An old-time tradition is to harvest wood before Easter with the idea being that the sap hasn’t risen in the trees yet so there’s less moisture in the wood. It’s true that this practice probably started because old-time farmers didn’t have as much going on during that time of the year anyway, and that the extra sap in trees during summertime is negligible once you split the wood. “The best time to get wood is today,” and all that; but still, the earlier in the year you get wood the better. Here in Southeast Alaska April, May and June are typically the lowest humidity months. We can pretty well count on two weeks of warm, sunny, drying winds in April before tourist season starts. September, October, November are the highest humidity months. If you get wood in the fall that was cut in August the high fall humidity will inhibit drying.
Another practice is to cut deciduous trees but not limb them. Some tree crews cutting along the roadside leave alders this way and they’re worth going after. Leaves pull moisture out of the wood by capillary action. When the leaves turn brown you limb the trees, buck them up and split them.

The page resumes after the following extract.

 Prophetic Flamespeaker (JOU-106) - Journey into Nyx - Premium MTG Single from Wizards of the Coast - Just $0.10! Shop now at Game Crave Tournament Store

Ways to tell if wood is seasoned
Cracks, or checks, are good. They’re caused by wood losing water and shrinking faster on the outside than on the inside. Rings on seasoned wood might be raised because rings are more dense and the wood may shrink between them. When you knock two pieces of seasoned wood together the sound should be a clack instead of a clunk. If you split a piece the middle should feel dry. Woods lose their distinctive smells and colors deepen. Spruce yellows. Alder goes tawny. The gathering light of February shines on outwardly quiet cords of seasoned wood that have undergone dramatic physical and chemical changes as they breathed hundreds of gallons water back into the atmosphere.
Note on tarps
Set them up so air can circulate under the tarp. When it’s not raining, pull the tarp off. It only takes a minute. Don’t tarp green, split wood with the tarp edges on the ground. If you do three things happen. 1) As soon as the sun shines the rest of the neighborhood starts drying out but water evaporating from your wood and the ground below it will have the inside of the tarp dripping with condensation 2) Mold will take hold. 3) A million slug pilgrimage inches towards your spa of optimal humidity. In a rainy year there’ll be one on every other piece. You stand there flicking them off your finger like boogers as you split the wood. As soon as the wood is stacked and starts drying slugs abandon ship within a day. At some point part of the tarp blows off and your wood gets wet. Say a bad word. Run out in your pajamas and re-cover it. The wood will be fine.